WORK INSTRUCTION
Only one part of the listing is needed: the lines from the one with "Coque Portefeuille Livre" through the last line, copied exactly and free of pictures.

INFORMATION PROVIDED
════════
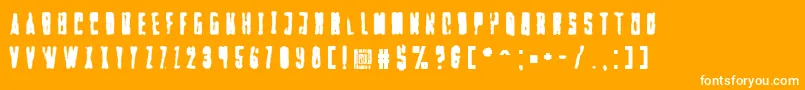 More about Falturaalien Font Falturaalien Font – White Fonts on Orange Background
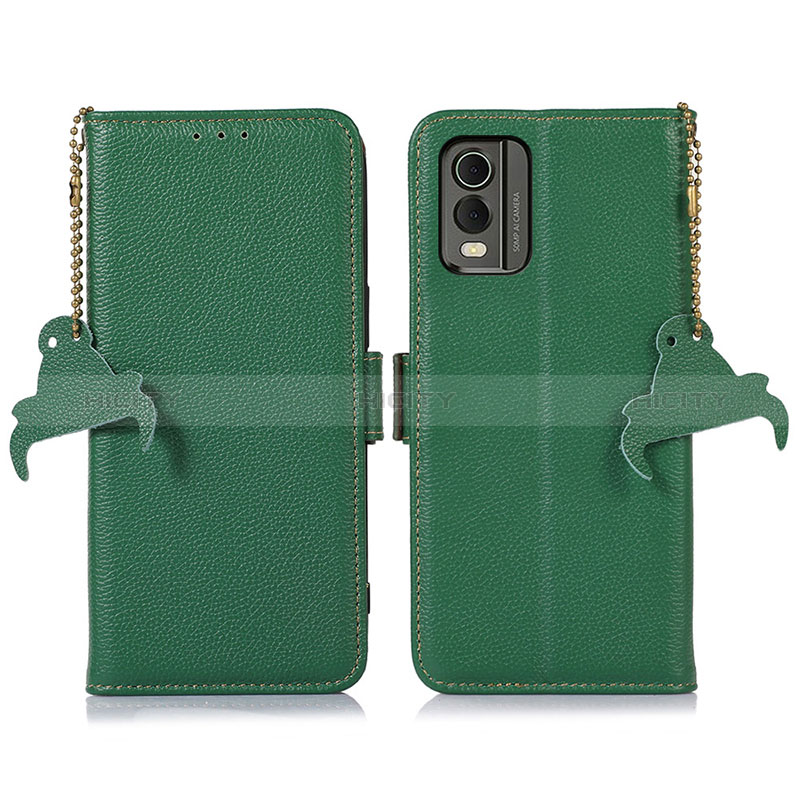 Coque Portefeuille Livre Cuir Etui Clapet A10D pour Nokia C32 Vert Plus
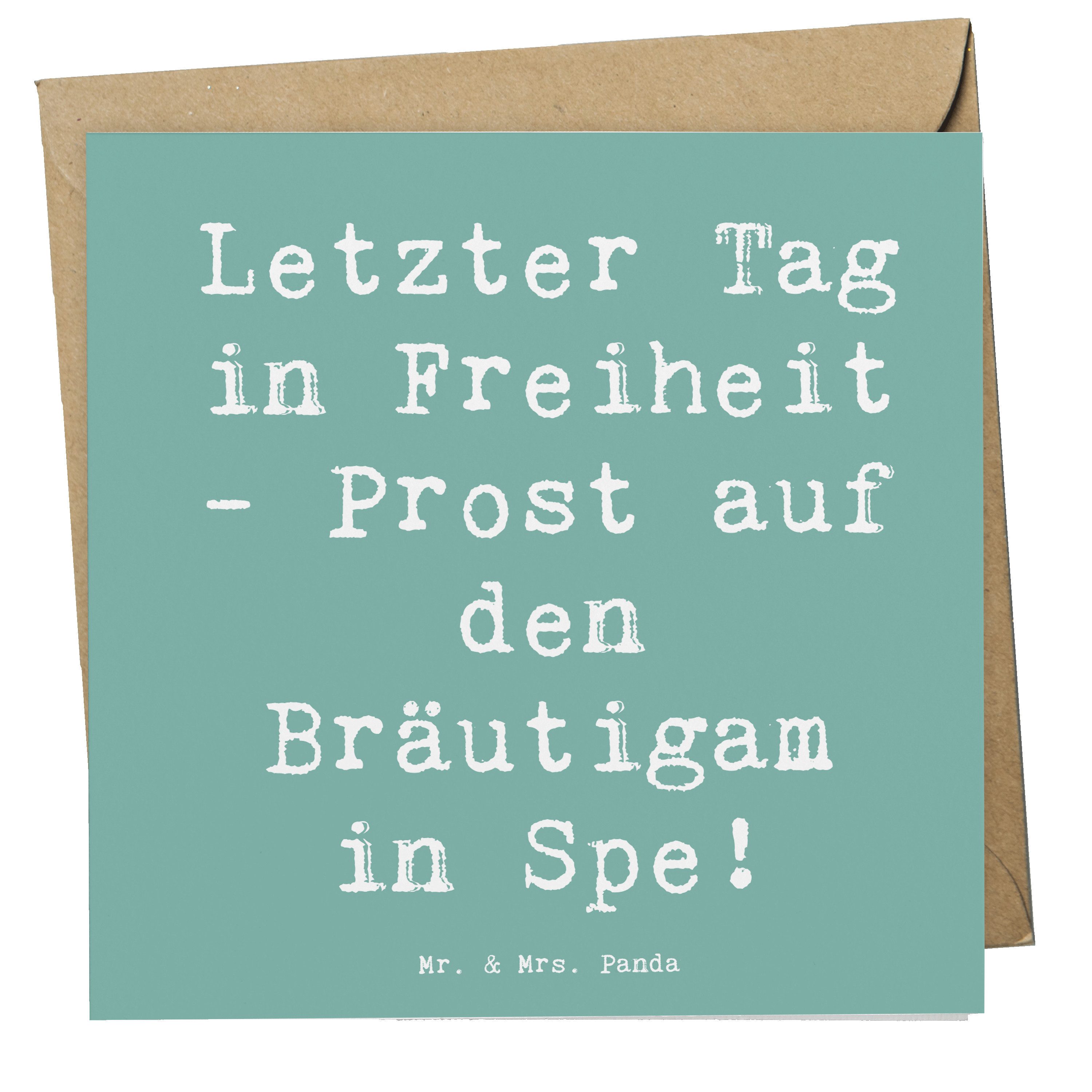 Grußkarte Junggesellenabschied Feier - Meeresbrise - Geschenk, Party, Geburtsta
════════
EXERCISE OUTPUT
 Coque Portefeuille Livre Cuir Etui Clapet A10D pour Nokia C32 Vert Plus
 Grußkarte Junggesellenabschied Feier - Meeresbrise - Geschenk, Party, Geburtsta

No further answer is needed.